Mechanism-driven strategies for prevention of rheumatoid arthritis

Abstract

In seropositive rheumatoid arthritis (RA), the onset of clinically apparent inflammatory arthritis (IA) is typically preceded by a prolonged period of autoimmunity manifest by the presence of circulating autoantibodies that can include antibodies to citrullinated protein antigens (ACPA) and rheumatoid factor (RF). This period prior to clinical IA can be designated preclinical RA in those individuals who have progressed to a clinical diagnosis of RA, and an 'at-risk' status in those who have not developed IA but exhibit predictive biomarkers of future clinical RA. With the goal of developing RA prevention strategies, studies have characterized immune phenotypes of preclinical RA/at-risk states. From these studies, a model has emerged wherein mucosal inflammation and dysbiosis may lead first to local autoantibody production that should normally be transient, but instead is followed by systemic spread of the autoimmunity as manifest by serum autoantibody elevations, and ultimately drives the development of clinically identified joint inflammation. This model can be envisioned as the progression of disease development through serial 'checkpoints' that in principle should constrain or resolve autoimmunity; however, instead the checkpoints 'fail' and clinical RA develops. Herein we review the immune processes that are likely to be present at each step and the potential therapeutic strategies that could be envisioned to delay, diminish, halt or even reverse the progression to clinical RA. Notably, these prevention strategies could utilize existing therapies approved for clinical RA, therapies approved for other diseases that target relevant pathways in the preclinical/at-risk state, or approaches that target novel pathways.

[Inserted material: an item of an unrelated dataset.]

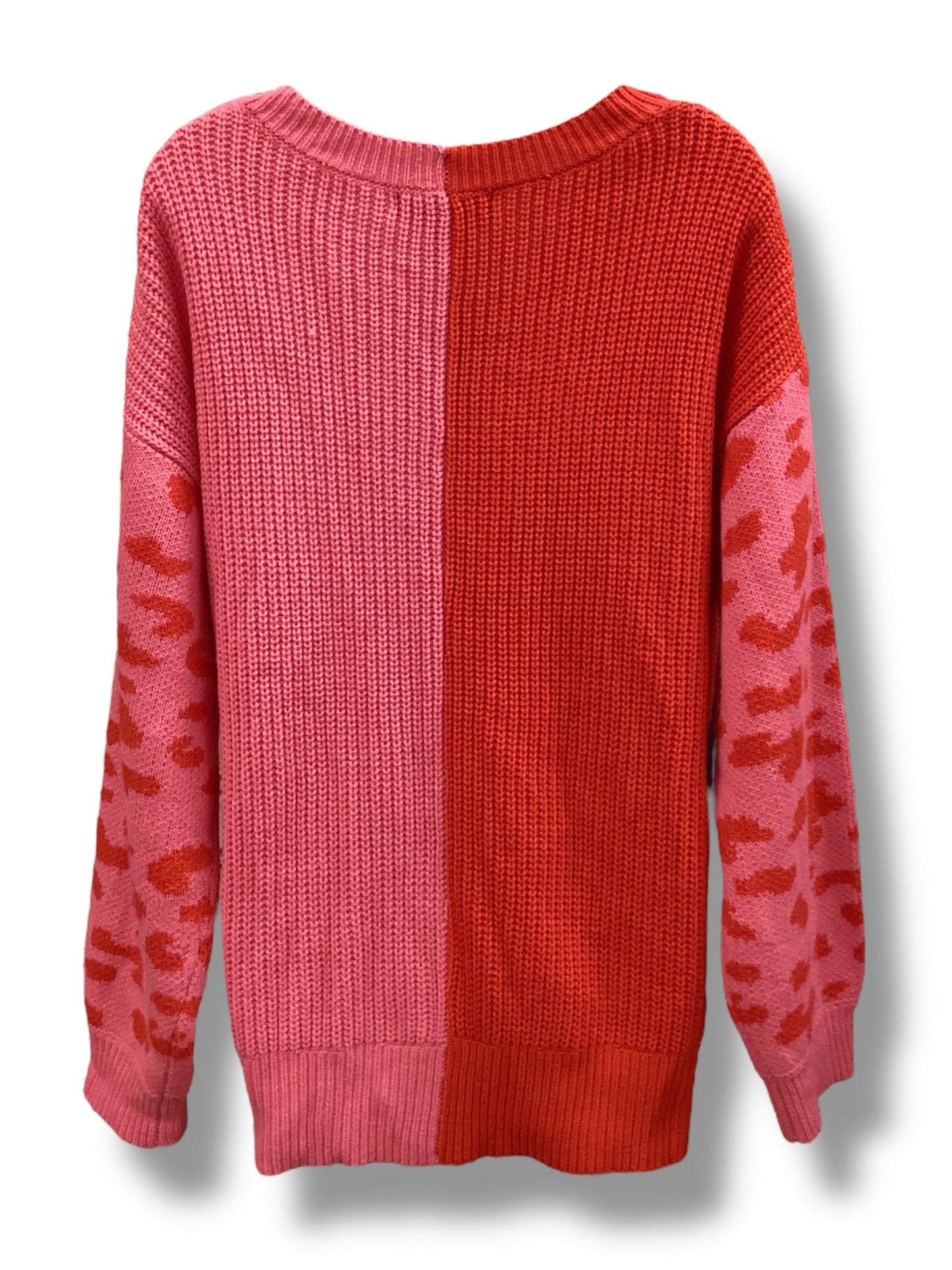 Sweater By Ashley Stewart In Pink & Red, Size: 1x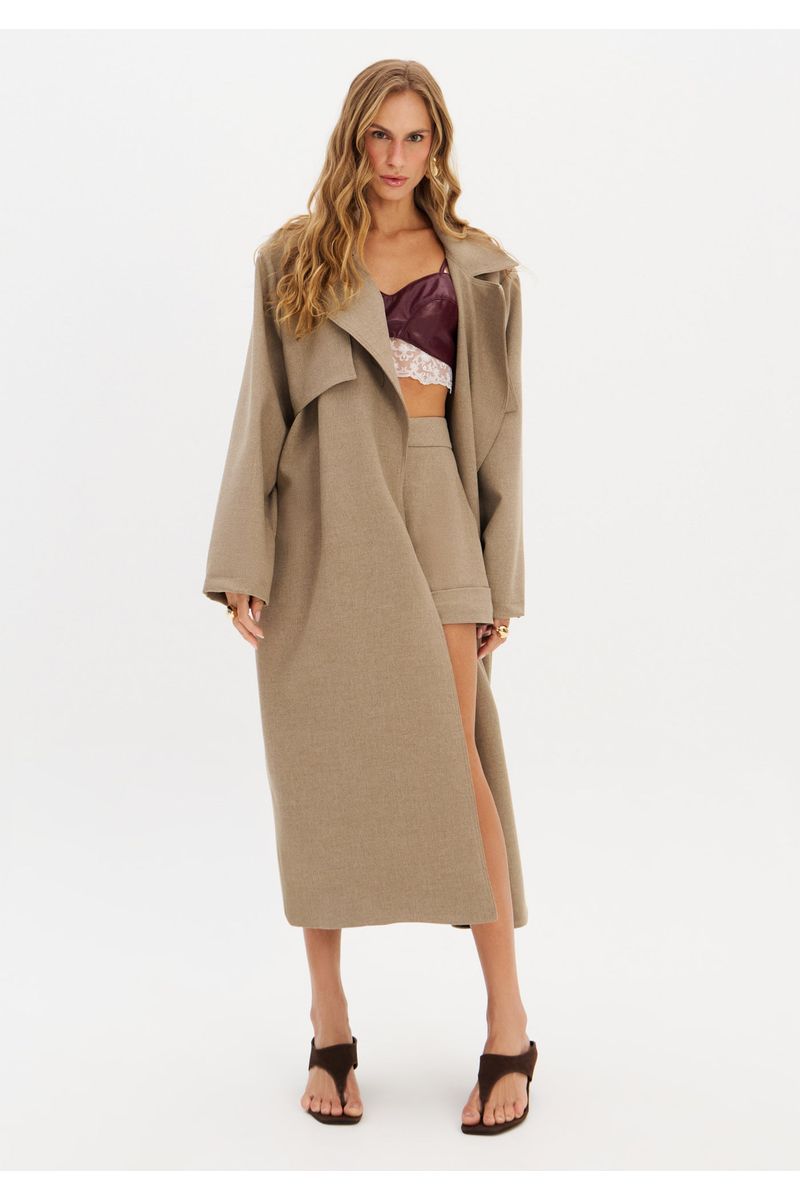 Trench Coat Alongado Com Faixa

Keywords: Autoimmune disease; Inflammation; Mucosa; Prevention; Rheumatoid arthritis.

Figure 1.. Natural history of RA development.

RA progresses through a series of stages first identified in first-degree relatives (FDR) by evidence of local mucosal ACPA production and inflammation at distinct sites in the absence of systemic autoantibodies, and is next characterized in a subset of those individuals by development of detectable circulating RA-specific autoimmunity, with or without arthralgias. The presence of systemic ACPA is followed by eventual progression in a very high proportion of individuals to symptoms and signs of joint involvement, and eventually clinically diagnosed and classifiable RA. Notably, there is the possibility of reversion at each step, although the likelihood diminishes as clinical disease further evolves.

Figure 2.. Model of RA development transitioning from local immune responses to systemic autoimmunity to inflammatory arthritis.

RA progresses through a process originating in mucosal sites (periodontum, mouth, intestine, lung, likely others) (A) where ACPA are produced locally, followed by spread to a systemic immune response identified through serum RA-related autoantibodies, IgA plasmablasts, and both B and T cell immune reactivity (B). This is followed by the development of arthritis (C).

Figure 3.. “Failed checkpoint” model of RA development as disease evolves from local immune responses to systemic autoimmunity and then inflammatory arthritis.

Shown are key steps during RA evolution where it appears that drivers of disease overcome normal mechanisms that restrain autoimmune disease development. Checkpoint #1: Mucosal microbiome homeostasis. Checkpoint #2: Mucosal barrier and cellular responses. Checkpoint #3. Adaptive immunity and expansion/spreading of autoimmune response. Checkpoint #4: Synovial inflammation and persistence thereof.